Depressed adolescent girls are two times more likely to begin binge eating as girls who are not depressed according to a US-wide study. Researchers also report that girls who regularly binge-eat are twice as likely to develop symptoms of depression. This indicates that adolescent girls who show signs of either should be screened for both.
“Binge eating prevention initiatives should consider the role of depressive symptoms, and incorporate suggestions for dealing with negative emotions,” according to senior author Alison Field, ScD, an epidemiologist at Harvard medical School and the Harvard School of Public Health. Their findings, published in Journal of Adolescent Health, could provide new opportunities to address the nation’s obesity epidemic.

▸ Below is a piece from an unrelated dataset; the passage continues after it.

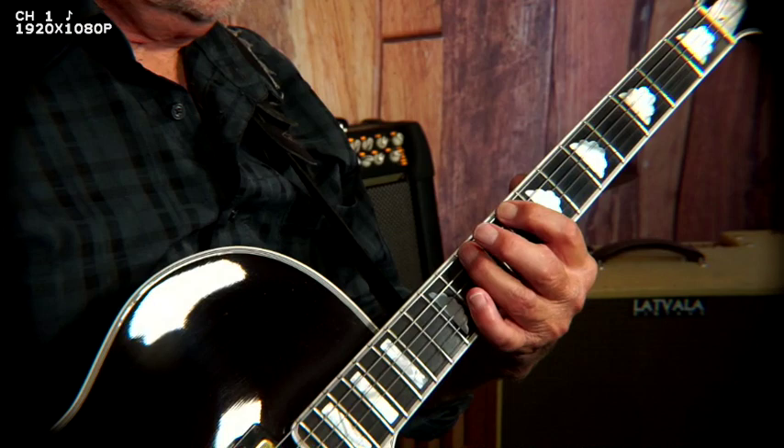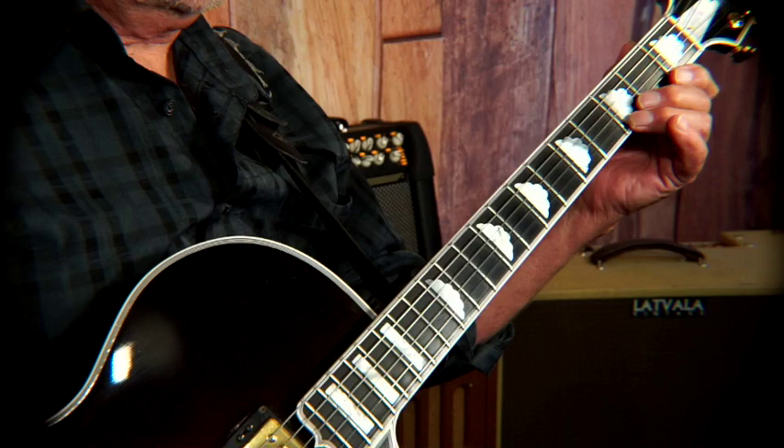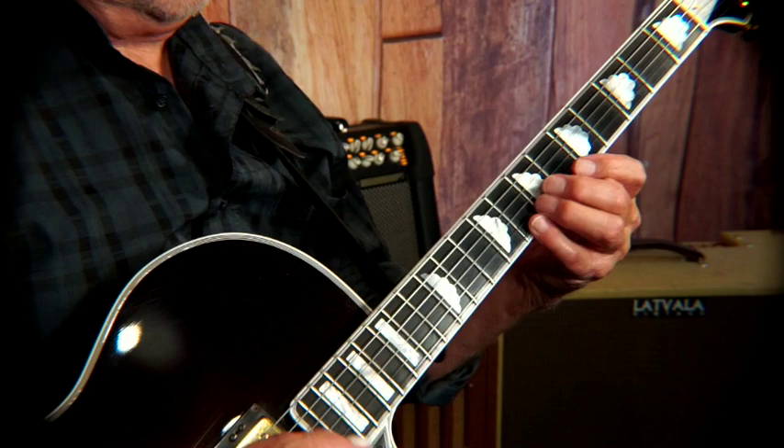The second thing is: let's play a major scale across the neck, and what we're going to do is only play two notes on a string. So I'm going to start here on the note C. I'm going to go C, D — then E, F — G, A — B, C — D, E — F, G — A, B, C. And backwards.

This is the largest study of depression and binge eating during adolescence, the time when most eating disorders arise. Binge eating was defined as out of control eating. The study differentiated “over eaters” as those who felt in control while consuming mass quantities of food.

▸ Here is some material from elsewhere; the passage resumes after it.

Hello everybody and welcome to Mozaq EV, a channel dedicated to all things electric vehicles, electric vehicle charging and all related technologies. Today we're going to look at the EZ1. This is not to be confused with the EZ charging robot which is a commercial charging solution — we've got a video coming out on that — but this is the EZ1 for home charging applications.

“The most common approach to obesity has been to focus on eating better and exercising more, but many pathways can lead to being overweight. There is a group of people where it may be more psychologically driven. Targeting some of these psychological factors might help prevent obesity. Binge eaters or overeaters can be very secretive, so parents may be unaware that there’s a problem. That’s a really important message for clinicians. If they have patients who are depressed, they need to ask about disordered eating patterns and vice versa,” said Marian Tanofsky-Kraff, PhD, clinical psychologist at the Uniformed Services University of Health Science in Maryland.